Benchmarking
Evaluate model performance with pass@k metrics
Quick Start
halo-forge benchmark run \
--model models/raft/cycle_5_final \
--prompts data/test.jsonl \
--verifier gcc \
--samples 20
Metrics
Compile Rate
Percentage of samples that compile:
Compile Rate = Samples that compile / Total samples
pass@k
Probability that at least one of k samples is correct:
| Metric | Meaning |
|---|---|
| pass@1 | Success with single attempt |
| pass@5 | Success within 5 attempts |
| pass@10 | Success within 10 attempts |
pass@k is computed using an unbiased estimator when samples > k.
Running Benchmarks
Single Model
halo-forge benchmark run \
--model models/raft/cycle_3_final \
--prompts data/test.jsonl \
--verifier gcc \
--samples 20 \
--k 1,5,10 \
--output results/benchmark.json
Compare Models
# Benchmark each stage
for stage in sft raft/cycle_1 raft/cycle_3 raft/cycle_5; do
halo-forge benchmark run \
--model models/$stage/final_model \
--prompts data/test.jsonl \
--output results/${stage}.json
done
# Compare results
halo-forge benchmark compare results/*.json
Demo Benchmark
Validate the pipeline with built-in prompts:
halo-forge benchmark full \
--model Qwen/Qwen2.5-Coder-0.5B \
--cycles 2
Output Format
{
"total": 100,
"passed": 55,
"pass_rate": 0.55,
"pass_at_k": {
"1": 0.553,
"5": 0.784,
"10": 0.891
},
"by_category": {
"algorithms": {"total": 30, "passed": 18},
"data_structures": {"total": 25, "passed": 15}
},
"timing": {
"generation_time": 1234.5,
"verification_time": 45.2
}
}
Demo Results
Quick validation benchmarks (16 prompts, 2 cycles):
| Model | Baseline | After 2 Cycles | Time |
|---|---|---|---|
| 0.5B | 32.0% | 32.0% | 41 min |
| 1.5B | 67.2% | 67.2% | 52 min |
| 3B | 97.7% | 99.2% | 79 min |
Note: Demo benchmarks validate the pipeline works. Results from extended training runs will vary based on model, dataset, and configuration.
HumanEval Validation
3B model RAFT training on HumanEval subset (20 prompts, 3 cycles):
| Cycle | Pass Rate | Kept | Loss | Grad Norm |
|---|---|---|---|---|
| 1 | 21.2% | 17 | 0.563 | 995.3 |
| 2 | 17.5% | 14 | 0.570 | 194.0 |
| 3 | 22.5% | 18 | 0.526 | 0.47 |
Key observations:
- Gradient norm stabilized: 995 → 0.47 across cycles (good convergence)

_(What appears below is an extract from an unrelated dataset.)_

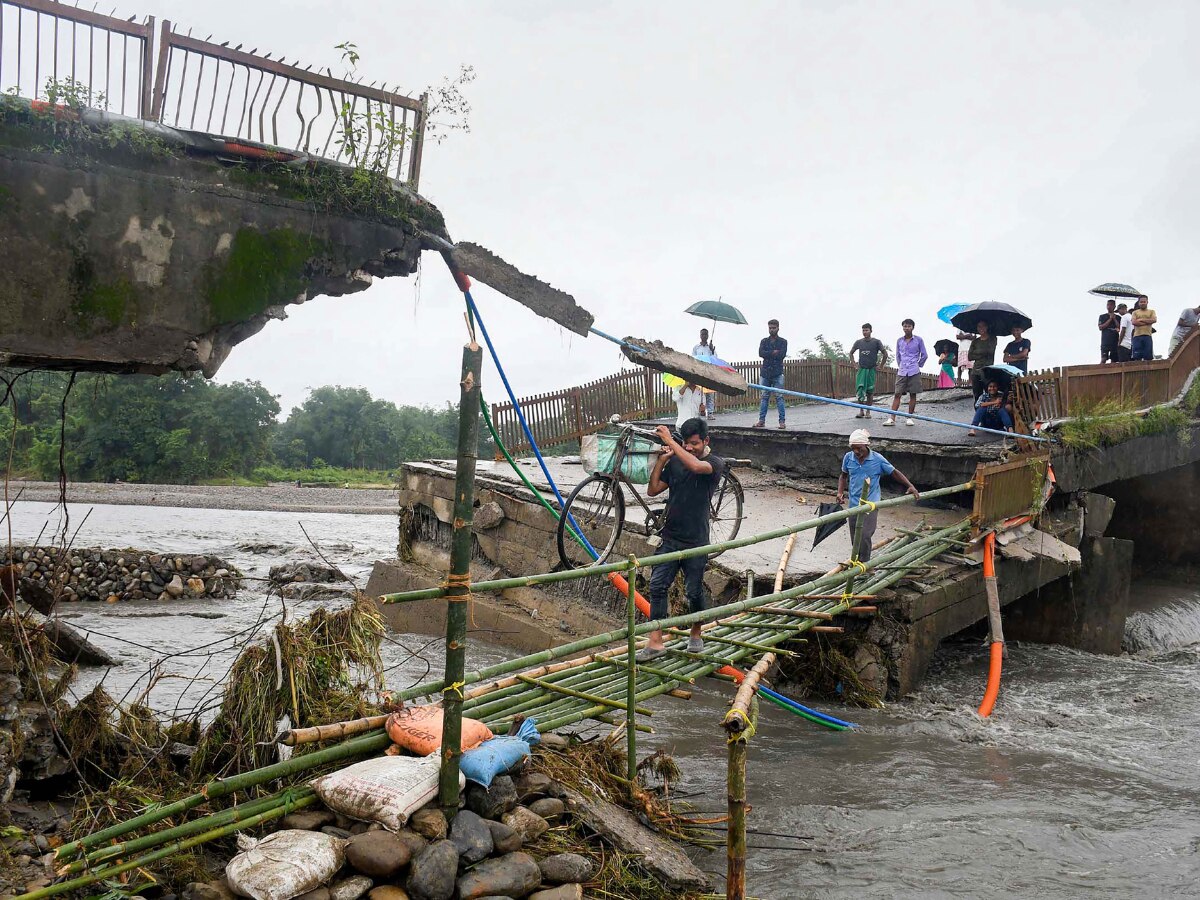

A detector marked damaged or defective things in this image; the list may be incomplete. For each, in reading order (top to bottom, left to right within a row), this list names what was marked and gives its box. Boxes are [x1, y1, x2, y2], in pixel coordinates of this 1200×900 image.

broken concrete slab [451, 241, 595, 336]
broken concrete slab [619, 338, 748, 393]
rusted railing post [441, 338, 482, 816]
rusted railing post [720, 657, 777, 900]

- Loss decreased: 0.563 → 0.526 (model learning)
- Pass rate variance: Expected with small dataset (20 prompts)
Total training time: ~54 minutes (18 min/cycle)
Hardware Metrics
With --hardware-metrics:
{
"hardware": {
"gpu_peak_memory_gb": 11.9,
"gpu_power_avg_w": 70.8,
"gpu_energy_wh": 11.42
}
}